Interestingly, Vista's output isn't significantly better than XP's. Past experience showed that Vista transcribes more accurately given the same input. Thus, we are led to an intriguing hypothesis: in an effort to create a more natural-sounding computer voice for Vista, Microsoft also created a voice that was more difficult to automatically transcribe!

Another example, this time using Shakespeare's Sonnet 68:
Thus is his cheek the map of days outworn,
When beauty lived and died as flowers do now,
Before these bastard signs of fair were born,
Or durst inhabit on a living brow:
Before the golden tresses of the dead,
The right of sepulchres, were shorn away,
To live a second life on second head,
Ere beauty's dead fleece made another gay:
In him those holy antique hours are seen,
Without all ornament, it self and true,
Making no summer of another's green,
Robbing no old to dress his beauty new,
And him as for a map doth Nature store,
To show false Art what beauty was of yore.


I added linebreaks to Vista's output, to better enable comparisons between the two versions:
Not that his cheek and at a denny's out
120 minutes and I has flowered now
the forties bastard signs of tired were born
all orders to inhabit, leading brown
deflected golden tresses added that
the right of sepulcher sit where slightly delayed
a second light on secondhand
terribly stabbed Fleetwood another game
became those calling NT Cal sky scene
but not all or none at itself a true
B. Demille summer of another screen
prodding know all too dressy is getting you
at ms foreign at Tiffany to restore
to show false are like the meet with your


I didn't bother with XP.
link1 comment|post comment

Transcribe-n-Say [Jan. 18th, 2008|12:50 am]
[Tags|]

Doing the transcriptions for Glenn Kelman's presentation earlier this week ended up taking more time than I expected it to. I can type reasonably quickly, 50 words per minute, perhaps 90 if I concentrate hard and stay away from the Backspace key. But a normal rate of speech is about 130 words per minute, so I can only transcribe about a sentence at a time. So the transcription process goes like this: Listen to audio, transcibe a sentence, seek the audio back a few seconds, repeat. Not the most exciting work around.

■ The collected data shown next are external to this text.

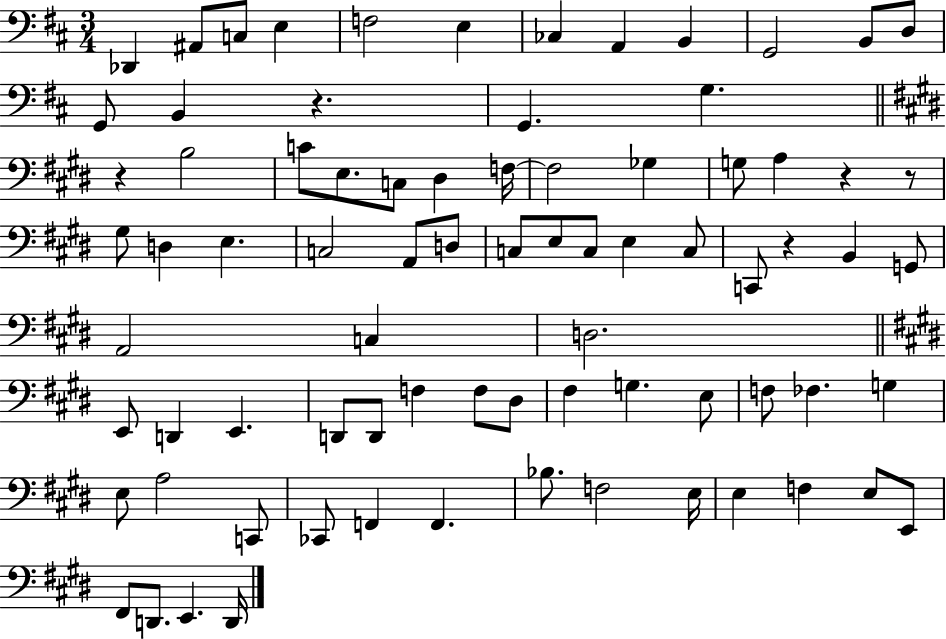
Db2/q A#2/e C3/e E3/q F3/h E3/q CES3/q A2/q B2/q G2/h B2/e D3/e G2/e B2/q R/q. G2/q. G3/q. R/q B3/h C4/e E3/e. C3/e D#3/q F3/s F3/h Gb3/q G3/e A3/q R/q R/e G#3/e D3/q E3/q. C3/h A2/e D3/e C3/e E3/e C3/e E3/q C3/e C2/e R/q B2/q G2/e A2/h C3/q D3/h. E2/e D2/q E2/q. D2/e D2/e F3/q F3/e D#3/e F#3/q G3/q. E3/e F3/e FES3/q. G3/q E3/e A3/h C2/e CES2/e F2/q F2/q. Bb3/e. F3/h E3/s E3/q F3/q E3/e E2/e F#2/e D2/e. E2/q. D2/s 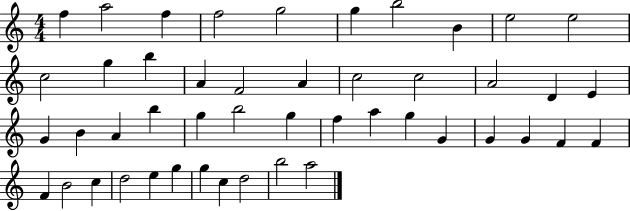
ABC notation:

X:1
T:Untitled
M:4/4
L:1/4
K:C
f a2 f f2 g2 g b2 B e2 e2 c2 g b A F2 A c2 c2 A2 D E G B A b g b2 g f a g G G G F F F B2 c d2 e g g c d2 b2 a2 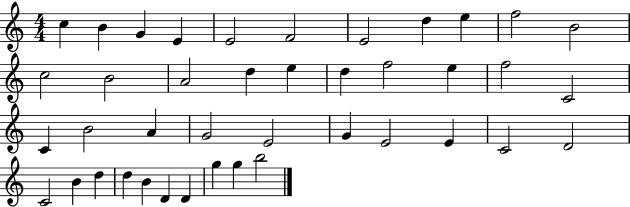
{
  \clef treble
  \numericTimeSignature
  \time 4/4
  \key c \major
  c''4 b'4 g'4 e'4 | e'2 f'2 | e'2 d''4 e''4 | f''2 b'2 | \break c''2 b'2 | a'2 d''4 e''4 | d''4 f''2 e''4 | f''2 c'2 | \break c'4 b'2 a'4 | g'2 e'2 | g'4 e'2 e'4 | c'2 d'2 | \break c'2 b'4 d''4 | d''4 b'4 d'4 d'4 | g''4 g''4 b''2 | \bar "|."
}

So I figured, hey, what about having the computer transcribe stuff for me? Windows XP itself doesn't come with speech recognition built-in, but Microsoft includes a speech recognition engine with Office XP and 2003, and also has one included as part of the free Microsoft Speech API (SAPI 5.1) SDK. And all five versions of Vista come with an updated, more-accurate engine. (For those of you keeping score at home, that would be Home Basic, Home Premium, Business, Enterprise, and Ultimate. Phew!)

Anyways, SAPI itself has a few simple functions that do most of the work for us in doing a transcription. Basically, you take a stream, bind it to a (WAV) file, pass that stream to the speech engine, enable "dicatation mode," and print out what the the engine thinks it hears. File to stream to engine to recognized text.

That didn't seem too complex, so I set out to write a quick C# command-line app to do that. For the most part, even though it wasn't designed with C# in mind, the COM interop story for SAPI 5.1 is pretty good. Unfortunately, the C#-language binding for the SpStream.BindToFile function is a little iffy. The C++ type signature for the file name is const WCHAR *. Somehow, that got translated into ref ushort. Not so good. I found a post from one Microsoft employee, Dave Wood, which acknowledged this problem with SAPI, and also gave suggested workarounds. However, I figured that, considering how simple the app would be, I might as well just write it in C++.

Well, I did. The hardest part turned out to be learning about the multitudes of string representations in Win32 COM programming, and how to translate between them. A little reading of documentation, sample code, and other examples online, and I had something that worked. No error handling logic in place, but it worked.

For certain values of worked, anyways. By "worked," I mean that it fed the WAV data to the speech recognition engine, and got results back. The usefulness of those results is another issue entirely.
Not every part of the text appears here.